◆ **What is being asked**:
The answer is to be the data that follows, transcribed exactly, minus its pictures.

◆ **Dataset excerpt**:
[Start of section]

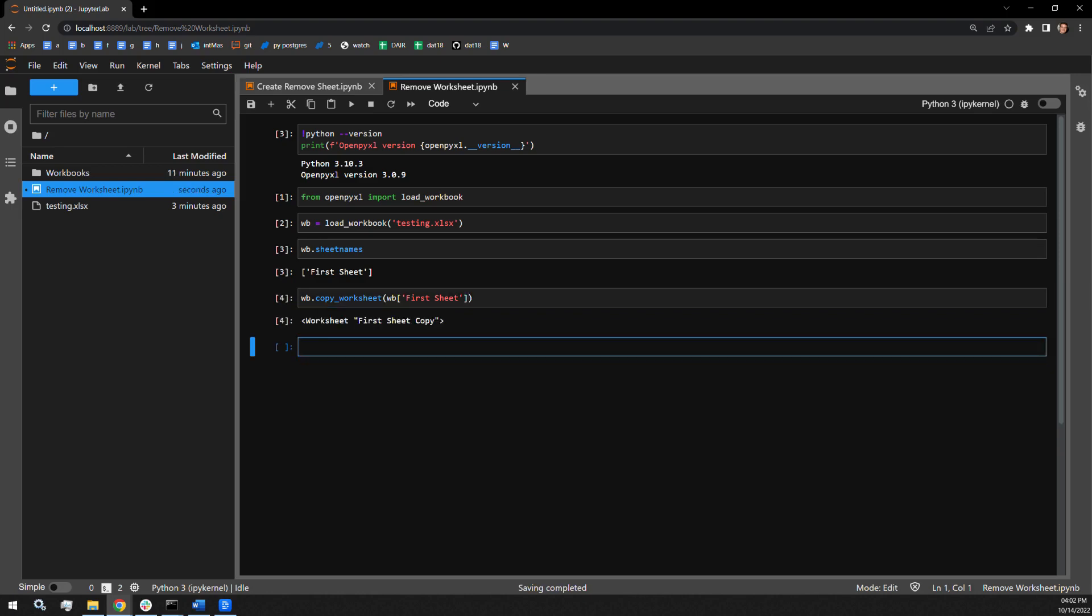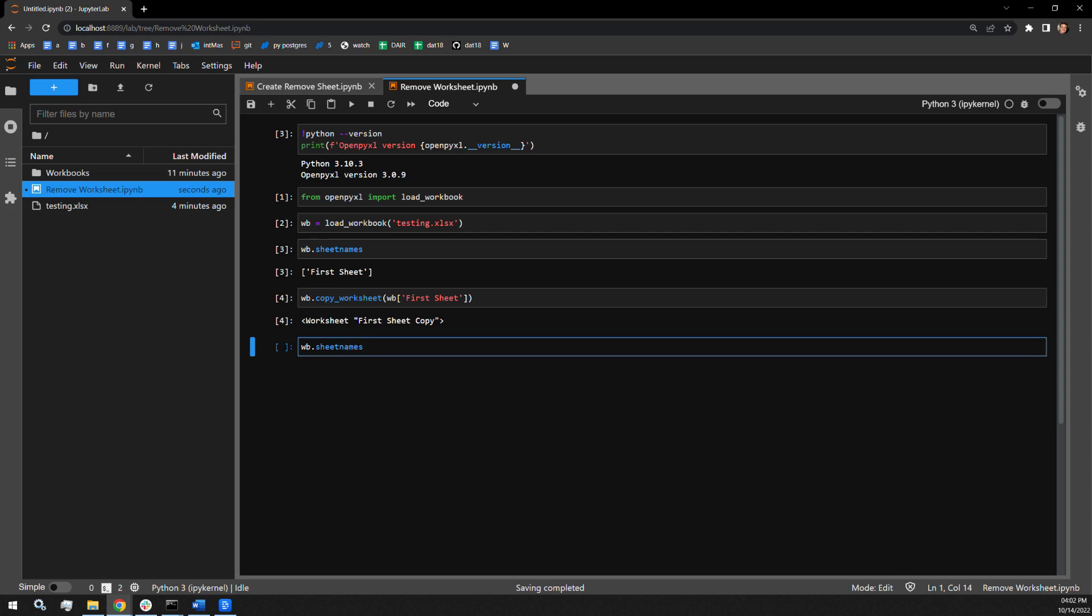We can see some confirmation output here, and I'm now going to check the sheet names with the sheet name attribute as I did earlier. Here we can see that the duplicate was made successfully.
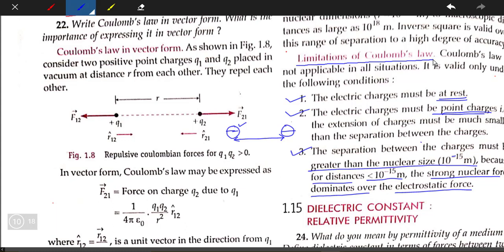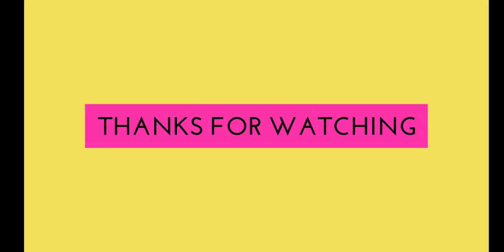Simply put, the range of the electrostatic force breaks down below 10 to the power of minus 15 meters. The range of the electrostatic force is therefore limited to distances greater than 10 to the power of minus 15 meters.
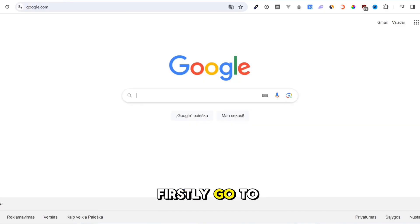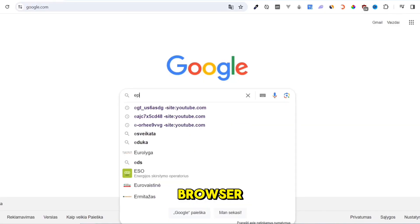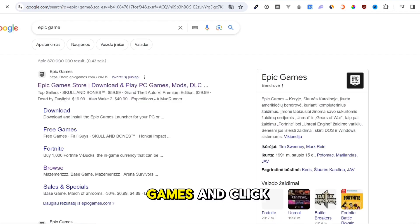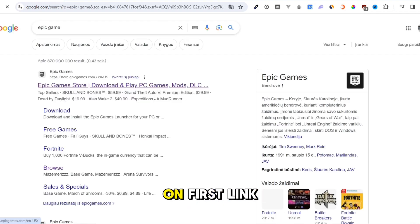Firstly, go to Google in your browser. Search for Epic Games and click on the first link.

[End of section]

◆ **Result of this exercise**:
We can see some confirmation output here, and I'm now going to check the sheet names with the sheet name attribute as I did earlier. Here we can see that the duplicate was made successfully.
Simply put, the range of the electrostatic force breaks down below 10 to the power of minus 15 meters. The range of the electrostatic force is therefore limited to distances greater than 10 to the power of minus 15 meters.
Firstly, go to Google in your browser. Search for Epic Games and click on the first link.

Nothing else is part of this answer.